INSTRUMENTOS DESAFINADOS
El IBP tampoco mueve el amperímetro fiscal: en 2013 recaudó 10.300 millones de pesos, apenas 1,2% de la recaudación total de la AFIP. Desde otro ángulo, esa cifra cubre menos del 10% del gasto que le insumirá al gobierno de CFK haber contratado los derechos de TV para televisar el Mundial de fútbol de Brasil y que aún no definió si habrá de financiar con publicidad privada, donde sobrarían ofertas, o abrumar con propaganda oficial.
Puertas adentro, Kicillof enfrenta otros problemas, derivados de su propia impronta intervencionista. Aunque logró desembarazarse de Guillermo Moreno y de Beatriz Paglieri, todavía no pudo afinar el mecanismo de permisos previos de importación (DJAI). La decisión de borrar los pedidos acumulados que estaban pendientes y comenzar desde cero a recibirlos y tramitarlos por vía electrónica, hizo que los importadores se cubrieran y llegaran a presentar más de 15.000 declaraciones diarias.
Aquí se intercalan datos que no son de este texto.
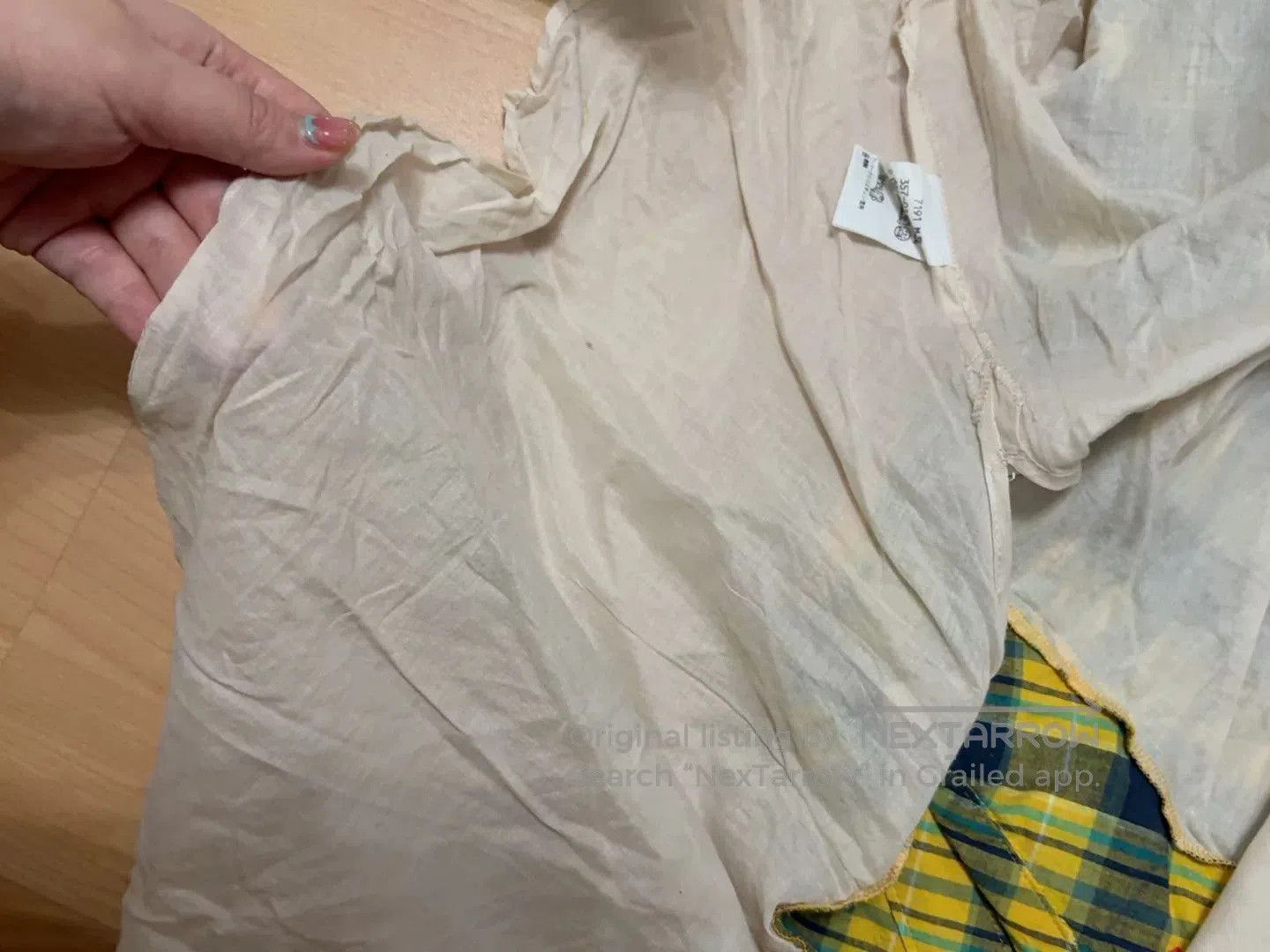 Vivienne Westwood Vivienne Westwood Yellow Plaid Skirt. Size 33" - 9 Thumbnail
De ahí que ahora deba recurrir al auxilio de cámaras empresarias para determinar la urgencia y prioridad de las importaciones de insumos, repuestos y equipos para no frenar aún más la actividad productiva sin dejar de administrar la escasez de divisas. En este contexto, que el Gobierno se haya interesado en abrir importaciones de tomates parece una humorada. O un tardío reconocimiento del error de haber incluido productos frescos en la difundida canasta de "precios cuidados". Que, en realidad, es un eufemismo de la necesidad de mostrar una mínima acción para frenar algunas subas de precios sin que ello implique una política antiinflacionaria.
Aquí el mayor riesgo es que la inflación perdió sus principales anclas con la aceleración del ritmo de devaluación del peso (más de 6% en diciembre) y de la emisión monetaria de fin de 2013 para cubrir el déficit fiscal. Esto crea más presiones sobre los precios (con el impacto adicional de la suba de los combustibles) y sobre el dólar paralelo. Con la brecha cambiaria otra vez por encima de 60%, se realimenta el fenómeno de que, quienes pueden, "ahorran" aumentando su consumo antes de que los productos aumenten. Y que quienes deben reponerlos, calculen los costos en base a un tipo de cambio (oficial y paralelo) más alto, mientras la demanda los convalide. Salvo en el caso de los autos de gama media y alta (así como motos y embarcaciones), donde el Gobierno aplicó un "impuestazo" para desalentarla y ahorrar divisas a costa de frenar las ventas del sector, como ya ocurrió en diciembre.
En última instancia, Kicillof también está pagando el costo de no diseñar un plan coordinado para corregir los desequilibrios macroeconómicos y pretender reemplazarlo con parches y medidas aisladas. Paradójicamente, para evitar costos políticos aunque ello aumente la incertidumbre.
El problema es que así tampoco se ven los beneficios. Por caso, el economista Miguel Bein prevé para 2014 un crecimiento de 1,5% en el PBI y una inflación de 27% anual, si el ajuste del tipo de cambio oficial fuera de 30% y el de salarios en paritarias de 24%; dos supuestos que reconoce tan hipotéticos como inciertos.
Otro tanto vale para la posibilidad de que el gobierno de CFK se reorganice y evite que cada anuncio oficial se convierta en un sobresalto o en una desmentida. De lo contrario, su apuesta a mejorar el clima social se limitaría a concretar en junio la anunciada renovación de los desvencijados trenes de las líneas Sarmiento y Mitre y a rezar para que la selección argentina logre el campeonato mundial de fútbol.